Le sort de Hussam Abou Safiya, ex-directeur de l’hôpital Kamal-Adwan, dans le nord de la bande côtière, qui a été investi et incendié par l’armée israélienne fin décembre, reste aujourd’hui incertain. Des rumeurs ont laissé penser que ce pédiatre, arrêté par les soldats, serait libéré dans le cadre des échanges de prisonniers palestiniens et d’otages israéliens.
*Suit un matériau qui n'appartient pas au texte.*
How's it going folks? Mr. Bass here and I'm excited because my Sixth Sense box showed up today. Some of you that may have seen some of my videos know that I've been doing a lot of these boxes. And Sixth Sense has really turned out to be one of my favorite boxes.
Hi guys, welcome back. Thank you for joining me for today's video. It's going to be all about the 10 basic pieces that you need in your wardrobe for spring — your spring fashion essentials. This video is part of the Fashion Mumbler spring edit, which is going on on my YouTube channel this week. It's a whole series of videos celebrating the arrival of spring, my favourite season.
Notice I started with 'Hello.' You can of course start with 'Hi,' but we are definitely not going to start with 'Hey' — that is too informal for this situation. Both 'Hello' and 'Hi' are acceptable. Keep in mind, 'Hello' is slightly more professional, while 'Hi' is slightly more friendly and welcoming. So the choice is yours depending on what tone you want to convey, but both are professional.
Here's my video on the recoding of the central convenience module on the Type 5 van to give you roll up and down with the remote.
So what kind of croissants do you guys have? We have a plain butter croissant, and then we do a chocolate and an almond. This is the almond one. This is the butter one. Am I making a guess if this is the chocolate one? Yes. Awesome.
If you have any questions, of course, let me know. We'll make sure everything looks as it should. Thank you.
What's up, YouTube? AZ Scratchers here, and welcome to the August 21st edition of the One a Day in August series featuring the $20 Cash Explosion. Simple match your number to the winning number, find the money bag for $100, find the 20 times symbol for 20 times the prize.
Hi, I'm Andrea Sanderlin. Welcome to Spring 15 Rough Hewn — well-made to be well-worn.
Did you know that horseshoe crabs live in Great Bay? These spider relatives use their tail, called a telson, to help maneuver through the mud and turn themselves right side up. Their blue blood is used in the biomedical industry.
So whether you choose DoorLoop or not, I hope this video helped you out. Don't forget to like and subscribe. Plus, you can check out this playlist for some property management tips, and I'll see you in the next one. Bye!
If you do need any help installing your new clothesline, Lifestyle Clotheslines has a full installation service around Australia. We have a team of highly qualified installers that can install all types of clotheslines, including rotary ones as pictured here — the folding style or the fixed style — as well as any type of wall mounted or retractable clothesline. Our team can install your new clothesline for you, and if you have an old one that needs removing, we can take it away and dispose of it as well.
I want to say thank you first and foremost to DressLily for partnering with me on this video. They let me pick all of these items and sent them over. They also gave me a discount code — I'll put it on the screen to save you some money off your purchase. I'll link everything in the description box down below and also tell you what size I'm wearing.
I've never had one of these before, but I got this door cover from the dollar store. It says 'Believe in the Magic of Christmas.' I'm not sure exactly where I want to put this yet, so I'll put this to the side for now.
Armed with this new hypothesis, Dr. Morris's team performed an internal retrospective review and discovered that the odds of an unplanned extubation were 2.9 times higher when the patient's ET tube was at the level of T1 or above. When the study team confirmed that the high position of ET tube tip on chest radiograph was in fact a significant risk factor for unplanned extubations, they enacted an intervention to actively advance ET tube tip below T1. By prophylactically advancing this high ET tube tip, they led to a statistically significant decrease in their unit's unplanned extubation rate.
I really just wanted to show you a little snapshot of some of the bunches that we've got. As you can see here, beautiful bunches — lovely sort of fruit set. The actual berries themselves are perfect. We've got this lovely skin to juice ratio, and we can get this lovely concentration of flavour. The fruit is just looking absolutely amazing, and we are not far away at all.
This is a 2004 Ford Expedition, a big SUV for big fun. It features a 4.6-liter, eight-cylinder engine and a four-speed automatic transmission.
Mais cela n’a pas été le cas. Celui que les autorités israéliennes qualifient d’« opérateur terroriste du Hamas » est brièvement apparu sur une vidéo filmée par la chaîne israélienne 13, enchaîné, le crâne rasé et amaigri, encadré par des membres des forces israéliennes masqués. Sa famille a dénoncé ces images sur X, y voyant une « forme de terrorisme psychologique, s’ajoutant à la torture qu’il a endurée ces deux derniers mois ».

« Les professionnels de santé ne devraient jamais être pris pour cible, détenus ou torturés pour avoir fourni des soins qui sauvent des vies. Israël doit libérer immédiatement tout le personnel médical détenu et la communauté internationale doit exiger qu’il rende des comptes », a déclaré Naji Abbas, responsable du dossier des prisonniers au sein de PHRI. Après un jugement de la Cour suprême israélienne en octobre 2024 et une campagne de pression médiatique internationale, les conditions de détention à Sde Teiman « se sont un tout petit peu améliorées, explique-t-il au Monde. Mais, désormais, nous faisons face à des conditions horribles dans le camp militaire d’Ofer, qui était censé remplacer Sde Teiman ». PHRI a déposé un recours auprès de la Cour suprême la semaine dernière, alertant sur les négligences médicales et les privations de nourriture dont sont victimes les prisonniers dans ce lieu de détention.